Creio que, mais do que em qualquer outra situação do género, este é o símbolo de uma era de Portugal que morre. A era do têxtil. A que poderíamos associar, sem exagero, a era do calçado. De sector mais empregador ainda não há trinta anos atrás, dando que fazer a mais de meio milhão de pessoas, o sector têxtil está moribundo, sendo o principal responsável para as altas taxas de desemprego que se verificam no nosso país. Era esperável que assim fosse. O sector têxtil, é um sector trabalho intensivo e, num tempo em que a economia viu desaparecer todas as fronteiras, não é competitivo a não ser com salários muito baixos. Daí que, tendo conhecido o seu desenvolvimento em finais do século XIX, na Inglaterra, tem vindo a deslocar-se daí para eocnomias de mais baixos salários, primeiro para Portugal e Espanha, para citar dois apenas, e, agora, para África e para a Ásia. Como é que podemos competir, por maior que seja a nossa produtividade do trabalho, com economias onde o salário mínimo ronda os vinte euros por mês ou ainda menos?
Estamos, assim, num profundo processo de mudança. De economia de subdesenvolvimento para economia desenvolvida. Uma mudança que provocará dores sociais terríveis, aqui, como já provocou, noutros tempos, noutros países. Não é fácil adaptar centenas de milhar de trabalhadores a outras indústrias ou serviços. É algo que leva anos. Tantos menos quanto aconteçam duas coisas. Por um lado, um serviço de educação eficiente, capaz de preparar as novas gerações para um país substancialmente diferente. Por outro lado, uma vontade eficaz dos mais velhos, que vão ficando sem o seu trabalho tradicional, de se ajustarem às novas exigências. Sem essas duas condições, as dores da mudança serão muito mais dolorosas. E, sinceramente, não vejo nem uma nem outra com nitidez.

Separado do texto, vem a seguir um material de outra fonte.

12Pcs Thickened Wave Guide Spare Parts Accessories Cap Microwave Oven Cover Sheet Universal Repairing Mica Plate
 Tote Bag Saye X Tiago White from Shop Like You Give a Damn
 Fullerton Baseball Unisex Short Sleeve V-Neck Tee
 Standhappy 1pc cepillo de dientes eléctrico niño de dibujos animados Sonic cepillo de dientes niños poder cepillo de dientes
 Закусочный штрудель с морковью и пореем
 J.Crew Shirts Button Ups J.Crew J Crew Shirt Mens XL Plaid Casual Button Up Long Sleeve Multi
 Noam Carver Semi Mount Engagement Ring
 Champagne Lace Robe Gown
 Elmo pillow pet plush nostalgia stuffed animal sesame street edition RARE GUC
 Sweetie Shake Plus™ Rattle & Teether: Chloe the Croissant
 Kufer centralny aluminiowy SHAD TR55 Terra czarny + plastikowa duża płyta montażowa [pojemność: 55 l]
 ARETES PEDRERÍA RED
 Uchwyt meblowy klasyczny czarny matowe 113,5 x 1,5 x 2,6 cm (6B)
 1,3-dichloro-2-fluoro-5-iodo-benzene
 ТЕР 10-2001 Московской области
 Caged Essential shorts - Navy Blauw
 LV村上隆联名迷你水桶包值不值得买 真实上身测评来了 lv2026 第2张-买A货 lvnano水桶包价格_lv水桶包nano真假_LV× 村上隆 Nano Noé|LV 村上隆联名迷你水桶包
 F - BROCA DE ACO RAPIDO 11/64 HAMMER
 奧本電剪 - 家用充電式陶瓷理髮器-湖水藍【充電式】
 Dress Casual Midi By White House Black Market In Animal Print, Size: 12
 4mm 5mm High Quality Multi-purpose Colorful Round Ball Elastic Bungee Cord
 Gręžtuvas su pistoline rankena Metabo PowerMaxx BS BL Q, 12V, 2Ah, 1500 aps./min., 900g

Fique uma palavra final para o dono da Sampaio Ferreira, empresa têxtil que vai fechar. Hoje já desaparecido.. Era ele Raul Ferreira, o conde de Riba d'Ave. Um grande senhor. De quem fui amigo até à sua morte. E cujas preocupações sociais fizeram dele um homem a merecer a minha admiração. E a de muitos mais. Que não foram para o desemprego mais cedo graças ao seu espírito de luta.